YOUR GOAL
Your job is to print, exactly, the lines in the data below from the line with "Sectional garage door" through the line with "HUMMEL GO COTTON", both included, and to omit any picture.

MATERIAL FOR THE TASK

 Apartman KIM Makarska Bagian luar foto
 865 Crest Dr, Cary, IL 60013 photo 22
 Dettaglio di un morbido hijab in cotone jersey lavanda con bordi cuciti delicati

* * *

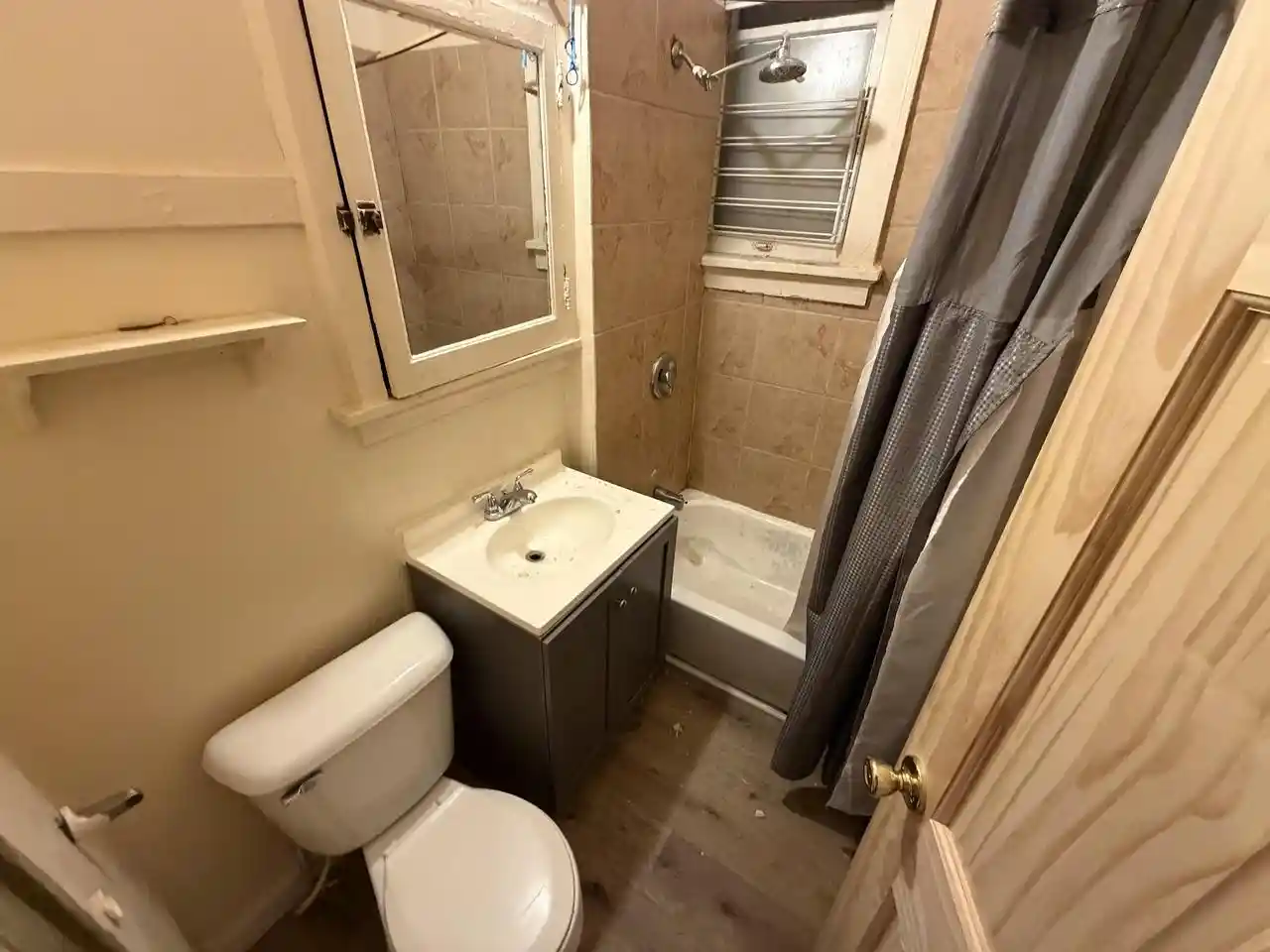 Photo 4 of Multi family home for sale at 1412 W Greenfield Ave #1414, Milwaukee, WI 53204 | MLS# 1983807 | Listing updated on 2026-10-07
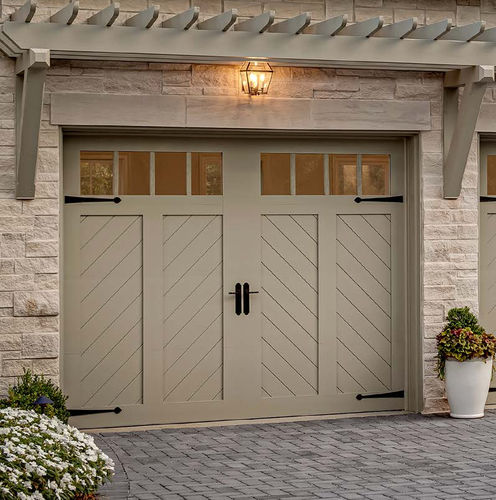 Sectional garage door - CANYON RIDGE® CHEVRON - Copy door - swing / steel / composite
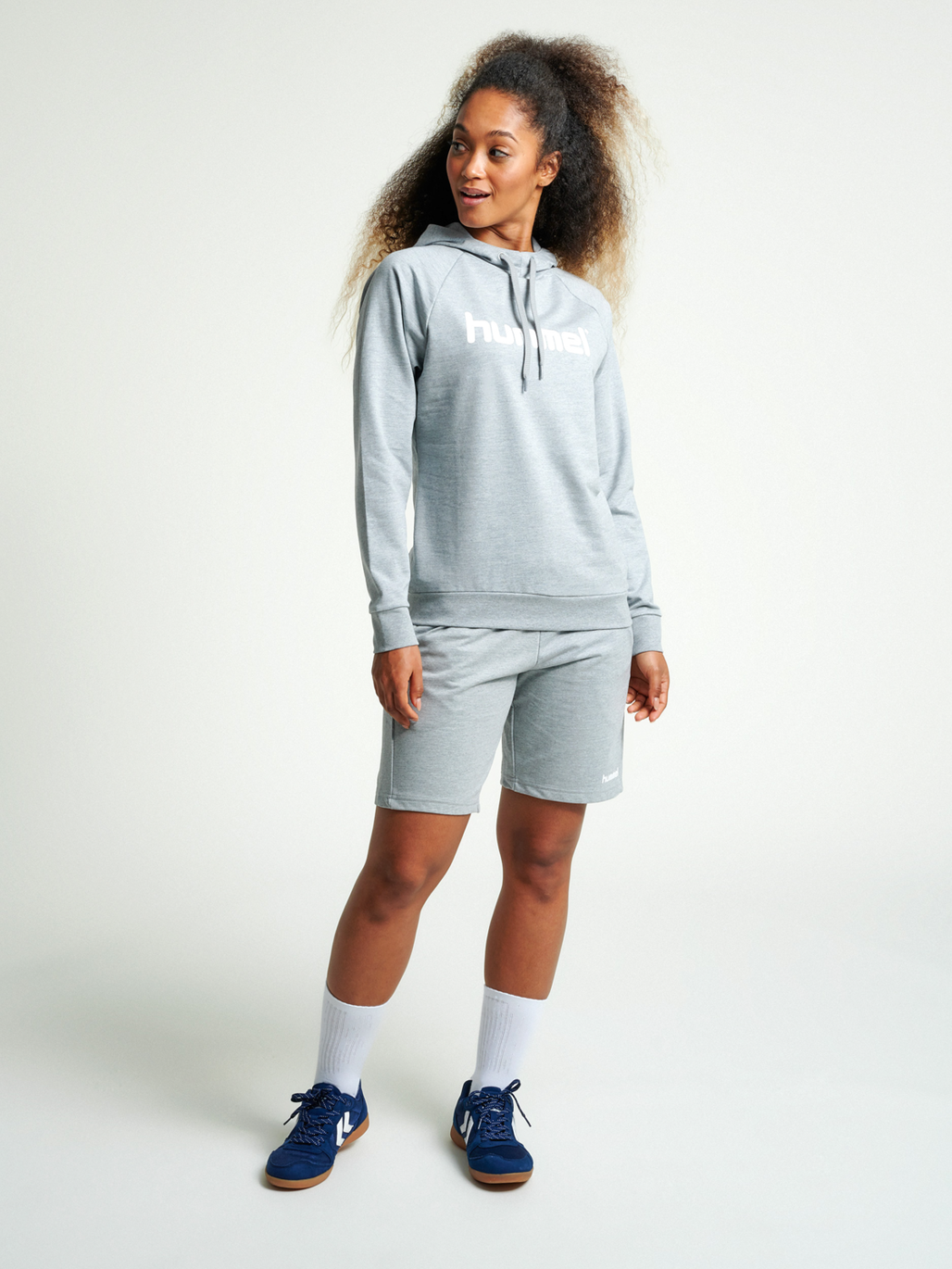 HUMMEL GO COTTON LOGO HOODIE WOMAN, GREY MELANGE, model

...

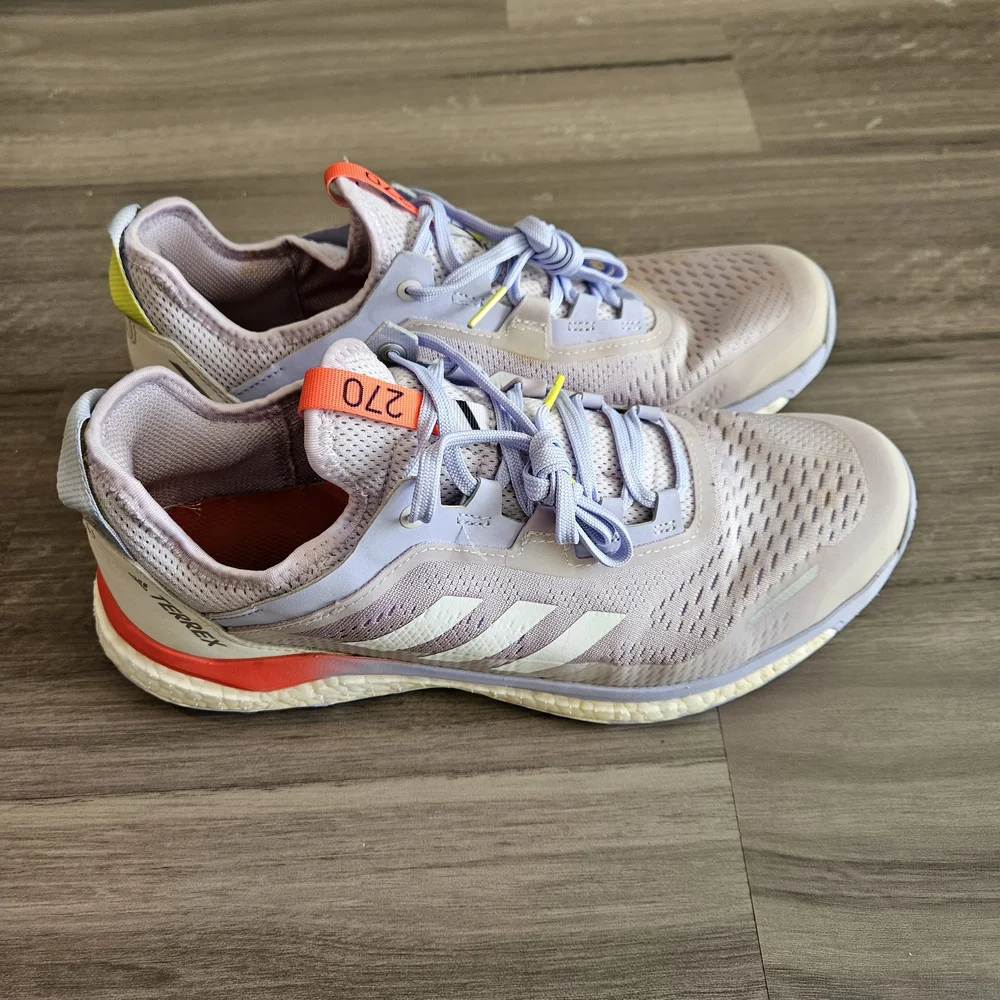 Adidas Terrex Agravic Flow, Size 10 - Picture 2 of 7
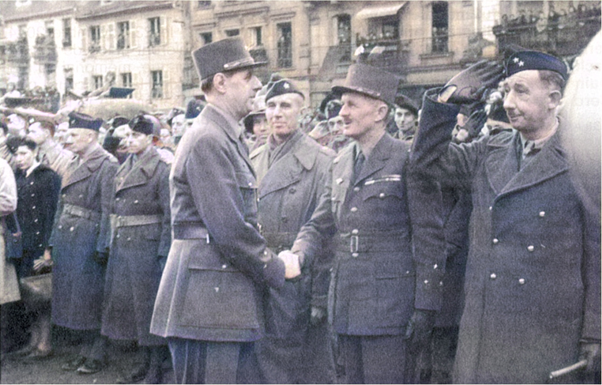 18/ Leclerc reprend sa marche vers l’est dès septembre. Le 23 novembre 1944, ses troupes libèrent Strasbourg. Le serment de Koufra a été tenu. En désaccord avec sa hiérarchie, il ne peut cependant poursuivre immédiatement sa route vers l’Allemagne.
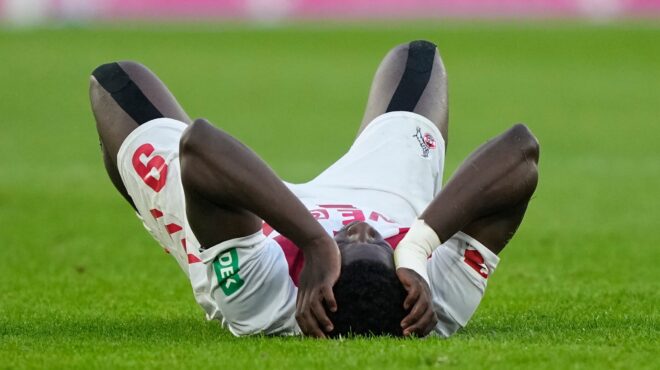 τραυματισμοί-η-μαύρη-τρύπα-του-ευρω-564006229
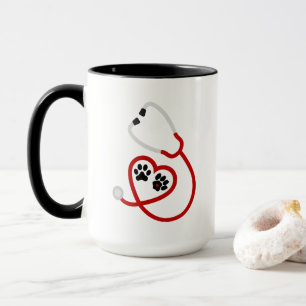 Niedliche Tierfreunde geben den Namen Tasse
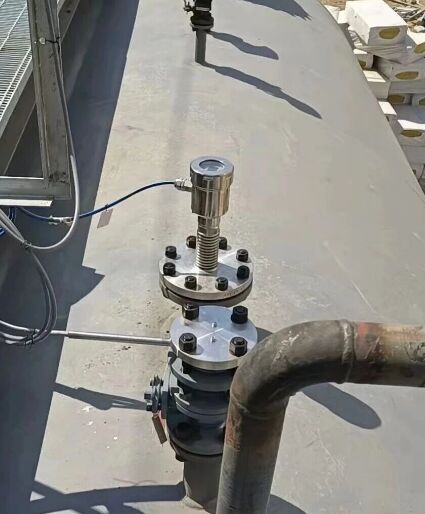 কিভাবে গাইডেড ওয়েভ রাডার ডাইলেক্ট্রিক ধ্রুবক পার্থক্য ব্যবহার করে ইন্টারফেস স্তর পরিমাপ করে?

RESPONSE BOX
 Sectional garage door - CANYON RIDGE® CHEVRON - Copy door - swing / steel / composite
 HUMMEL GO COTTON LOGO HOODIE WOMAN, GREY MELANGE, model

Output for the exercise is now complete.